Lungworm – is your dog safe?

March is Lungworm awareness month so we thought it would be good to write a piece for people who don’t know about this awful parasite. If it saves the life of just one dog it’s worth it!

Dogs can become infected with lungworm in a number of ways – but the most common way is through eating slugs or snails that are carrying the parasite.

lurcher mollie

Until fairly recently, lungworm was only a problem in the south of England but latest reports suggest it has moved further north – so wherever you live, it makes sense to ensure your dog is protected.

Even if your dog doesn’t eat snails or slugs, he could still be hit if he chews toys which have been left in the garden or drinks from water which snails have accessed.

snail - lungworm

Dogs infected with lungworm can be quite ill and in some sad cases,  it proves fatal so it’s not worth taking the risk.  You can get a simple preventative treatment from your vet – or many online sources (but make sure you buy from a reliable retailer!)

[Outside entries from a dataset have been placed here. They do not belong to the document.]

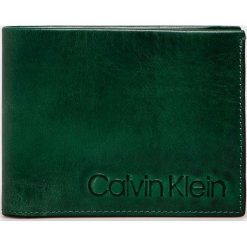 Calvin Klein - Portfel skórzany. Brązowe portfele męskie Calvin Klein, bez wzorów, z materiału. W wyprzedaży za 199.90 zł.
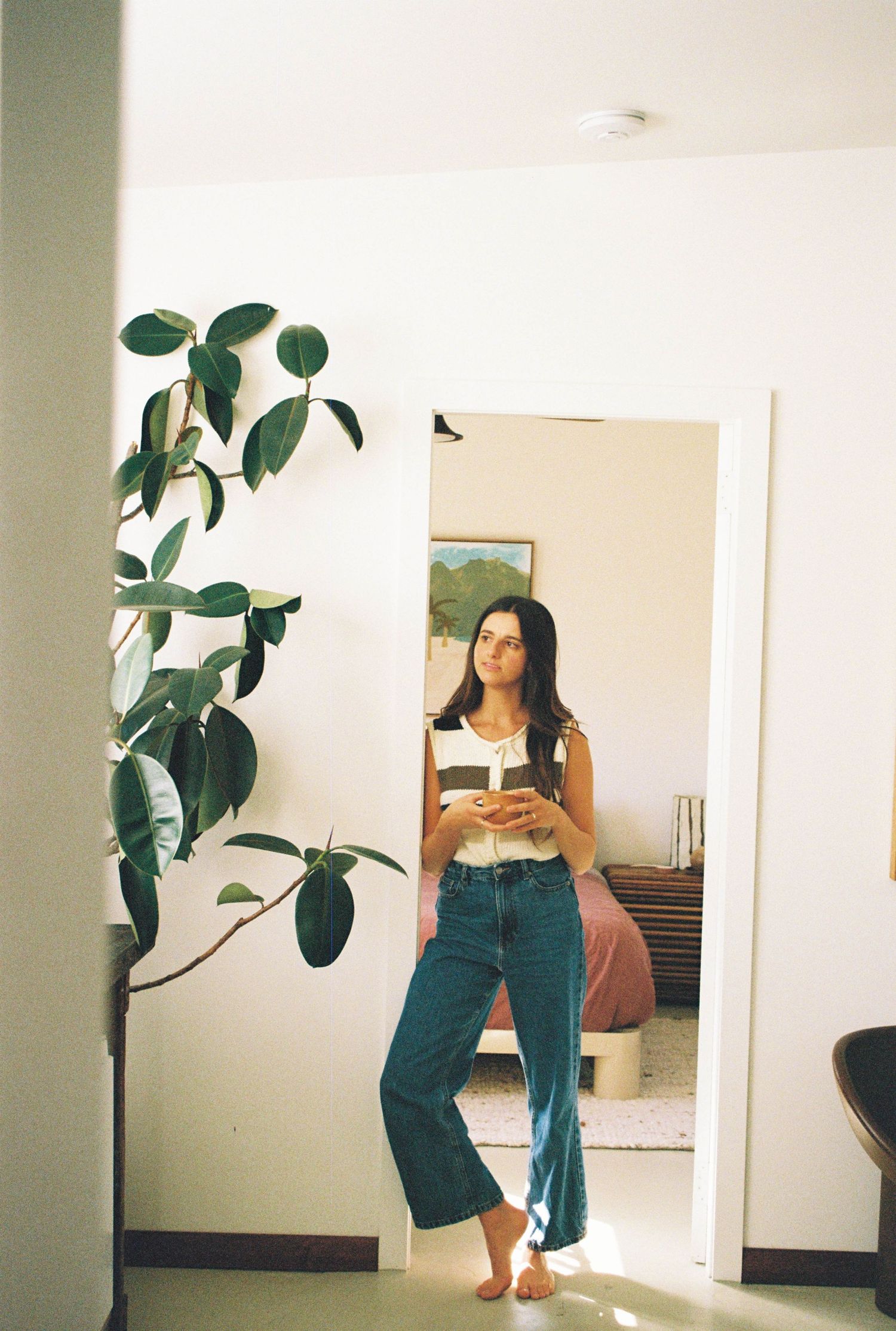 Woman in white top and blue jeans stands barefoot in doorway beside large green plant in bright modern home.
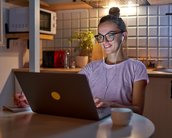 Eine junge Frau mit Brille sitzt an einem Tisch, nutzt einen Laptop und hört mit Kopfhörern Musik oder einen Podcast.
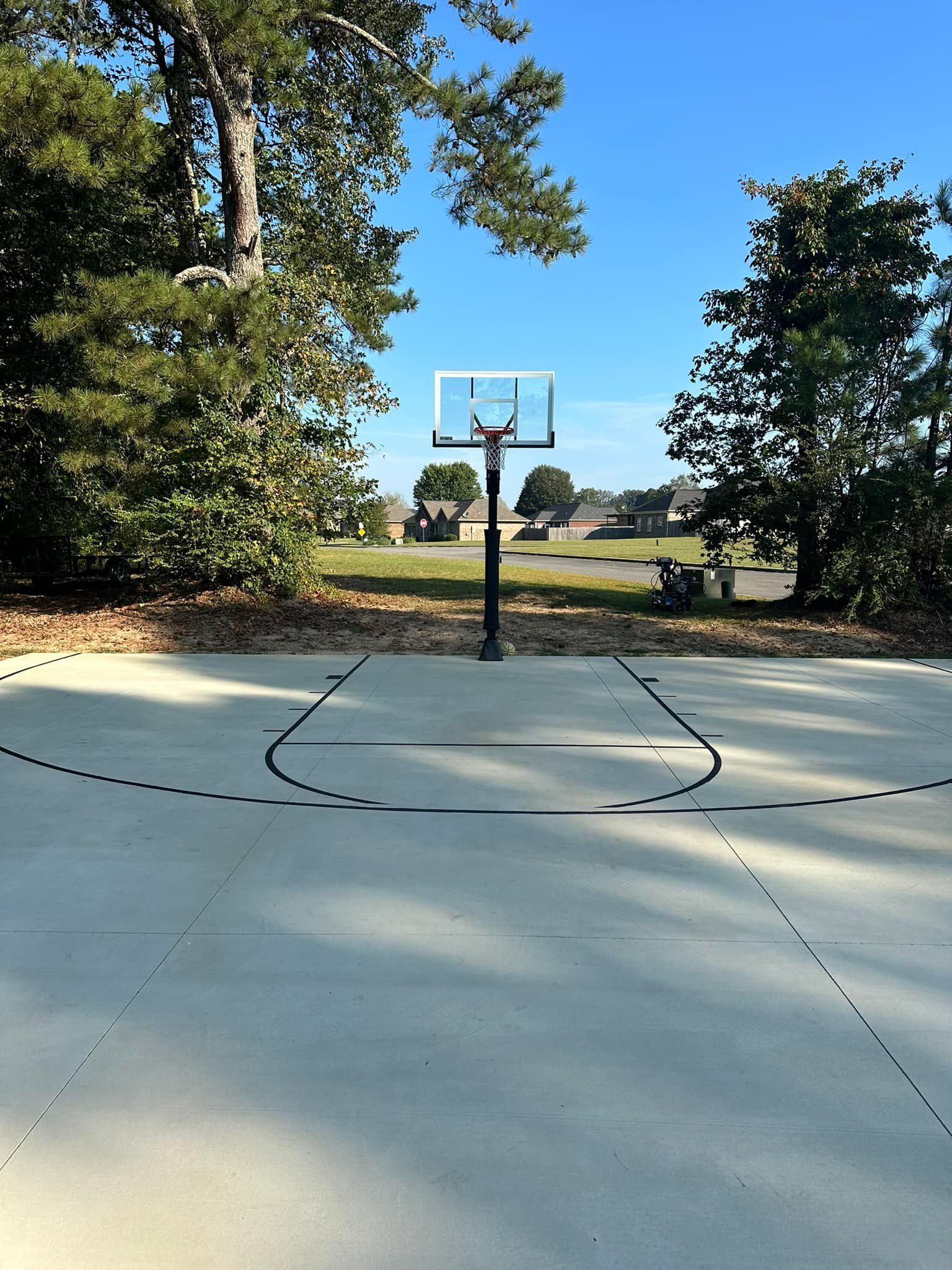 Basketball hoop on a concrete court, trees frame the view, a clear sky overhead.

The symptoms of lungworm can be vague and easily confused with other dog ailments but a blood test can show lungworm infection. Signs can include a dog who seems generally under the weather, a cough,  changes in behaviour, sickness or breathing problems.

You can find out much more on the lungworm website.  It is sponsored by a large pharmaceutical company so obviously it suggests using their product but it has lots of valuable information.